Configure tenant crawling - Fluid Topics - 3.9

Fluid Topics Configuration and Administration Guide

Category
Reference Guides
Audience
public
Version
3.9

How crawling works

Search engines use crawlers, also called bots, to visit websites on a regular basis and index their content. As a result, users can enter search terms in an external search engine and directly filter on only those websites containing the most relevant information.

For example, Google regularly crawls one of Antidot's documentation portals – doc.fluidtopics.com. Since the Google crawling tool indexes content from doc.fluidtopics.com, users can search for and access Antidot's documentation via Google's list of search results. When searching for "enrich and clean" on Google, the "Enrich and Clean" Technical Note on Antidot's portal appears at the top of the list of search results:

fluid-topics-doc-search-in-google

Use case

When Google crawls doc.fluidtopics.com, it retrieves information from the following URL:

doc.fluidtopics.com/sitemap.xml

This URL grants Google access to all content which is public (not protected by content access rights). The following examples show excerpts of the Antidot portal's sitemap.

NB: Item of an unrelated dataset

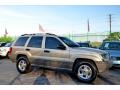 2000 Grand Cherokee Laredo #10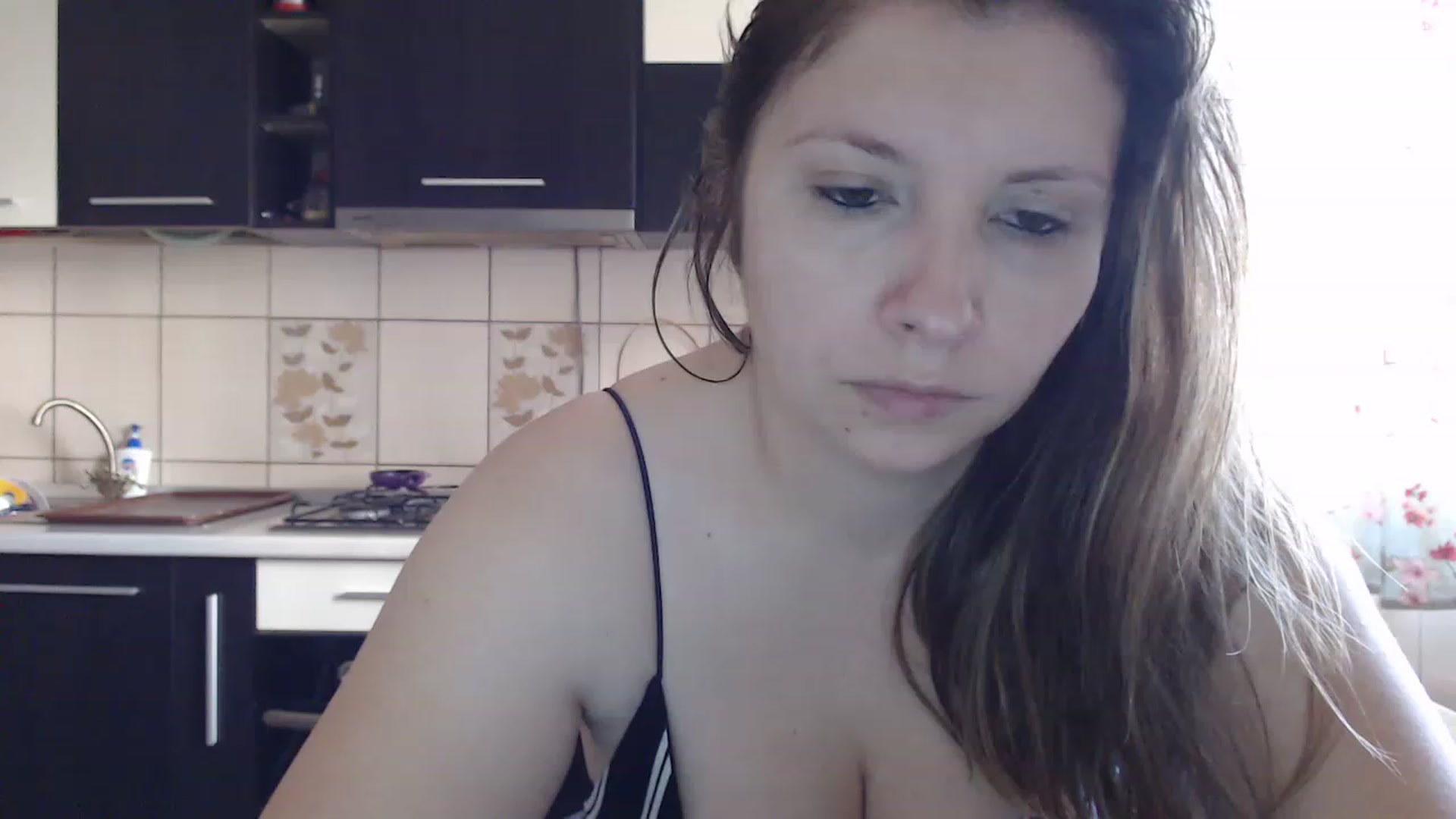 Gallery image thumbnail from EricaSmiles's myfreecams stream on, 02/15/2023, 13:40 image 3 of 20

  • Three structured documents (maps) which open in the Reader page:

    <url>
    <loc>
    https://doc.fluidtopics.com/r/map_1
    </loc>
    </url>
    <url>
    <loc>
    https://doc.fluidtopics.com/r/map_2
    </loc>
    </url>
    <url>
    <loc>
    https://doc.fluidtopics.com/r/map_3
    </loc>
    </url>

  • An unstructured document which opens in the Viewer page:

    <url>
    <loc>
    https://doc.fluidtopics.com/v/u/PDF_1
    </loc>
    </url>

From these URLs, crawlers can access and index the following content:

  • The maps map_01, map_02 and map_03 and their topics.
  • The unstructured document PDF_1.

Crawling and content access rights

Crawlers can only access and index public content. By default, each document is public until an ADMIN or KHUB_ADMIN user configures configure content access rights to keep it from being exposed to all unauthorized users, including crawlers. Indeed, configuring content access rights is the only way to keep crawlers from accessing and indexing content.